> [WORK REQUEST]
Write out, word for word, every line in the data below from the one containing "Ein Tag rund" to the one containing "Forever 21 Black Bomber Jacket - photo 2", both of them included.

** Opening SUPPLIED DATA block **

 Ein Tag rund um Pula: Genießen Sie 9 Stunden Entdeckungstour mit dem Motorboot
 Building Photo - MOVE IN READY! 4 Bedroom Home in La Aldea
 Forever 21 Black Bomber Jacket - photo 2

** Closing SUPPLIED DATA block **
** Opening SUPPLIED DATA block **

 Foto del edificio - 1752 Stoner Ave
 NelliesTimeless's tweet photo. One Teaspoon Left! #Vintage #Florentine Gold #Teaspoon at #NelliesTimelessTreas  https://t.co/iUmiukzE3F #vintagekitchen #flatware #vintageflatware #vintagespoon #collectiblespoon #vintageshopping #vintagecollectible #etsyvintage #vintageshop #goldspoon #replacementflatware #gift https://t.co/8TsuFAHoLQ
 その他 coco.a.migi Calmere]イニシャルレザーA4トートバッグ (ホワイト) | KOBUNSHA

** Closing SUPPLIED DATA block **

> [TASK RESULT]
 Ein Tag rund um Pula: Genießen Sie 9 Stunden Entdeckungstour mit dem Motorboot
 Building Photo - MOVE IN READY! 4 Bedroom Home in La Aldea
 Forever 21 Black Bomber Jacket - photo 2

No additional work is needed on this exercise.